Mr Donaldson continued: "In speaking to a significant cross section of these individuals in recent days it is clear that they are deeply concerned about the proposal currently doing the rounds that a 'limited form of immunity' could be a recommendation flowing from the Haass talks along with a process of 'Truth/Information recovery.' Those who we have been in contact with recognise that for 'limited immunity' (which is effectively a precursor to Amnesty) to be brought into effect would in all likelihood require the passing of National legislation in Westminster and Dublin."
"Negligible consideration has been given by the Haass talks process to innocent victims/survivors of terrorism based outside of Northern Ireland, the 'Belfast centric' model which has operated thus far has discriminated against rural Northern Ireland and has also effectively 'airbrushed' those affected by Republican and Loyalist terrorism who live in Great Britain or the Republic of Ireland."
"Past Terrorists, their Spokespersons or indeed their inheritors must not be allowed to manipulate history in an effort to justify campaigns of ethnic and sectarian motivated violence. If this narrative is not contained within the proposals which flow from Haass then any self respecting political party must walk away from the process. If 'Dealing with the Past' means promoting the lie that terrorists were not terrorists but rather were 'freedom fighters' within the parameters of a 'Conflict' then 'Peace' in the Northern Ireland context comes at too high a price."

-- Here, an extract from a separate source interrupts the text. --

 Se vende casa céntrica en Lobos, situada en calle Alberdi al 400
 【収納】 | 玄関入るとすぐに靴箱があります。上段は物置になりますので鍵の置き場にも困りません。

Comments around Extradition / Post publication of the Report of the Smithwick Tribunal
Mr Donaldson remarked: "For those whose loved ones were murdered as a consequence of the Dublin and Monaghan bombings, let it be known that their State failed them. There was no clamour from the Republic of Ireland State to have suspects extradited for questioning and why? Because they knew that they would have to reciprocate the arrangements when approached by the UK authorities. Justice has been denied the Dublin and Monaghan families by the R.O.I State and this is the common experience that these families share with the hundreds of innocents murdered along our borderlands."
On the back of the Report of the Smithwick Tribunal, as well as answering hard questions from Northern Ireland based victims/survivors so too must the R.O.I State answer questions from its' own citizens surrounding the carrying out of terrorist atrocities on its' own soil and its' failure in bringing to account those responsible."

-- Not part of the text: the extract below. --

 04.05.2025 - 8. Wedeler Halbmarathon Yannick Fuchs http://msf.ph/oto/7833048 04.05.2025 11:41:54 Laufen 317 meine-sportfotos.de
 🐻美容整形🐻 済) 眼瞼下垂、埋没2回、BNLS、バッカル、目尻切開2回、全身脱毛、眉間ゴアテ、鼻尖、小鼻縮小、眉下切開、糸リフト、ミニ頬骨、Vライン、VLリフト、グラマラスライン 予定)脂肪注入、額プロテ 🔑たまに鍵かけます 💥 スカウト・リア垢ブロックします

"Dark elements within the Republic of Ireland system overtly and covertly provided support to terrorists and these elements went right to the top of the system."
"Those affected by terrorism along our Border Frontier refused to be broken, to have their basic humanity compromised, they refused to engage in retaliation attacks, they were and are God fearing people who also pledged their trust in the UK State to do right by them (and by extension their neighbouring Jurisdiction's Government)
"Their restraint must now be recognised and their loss and sacrifices must be fully acknowledged," concluded Mr Donaldson.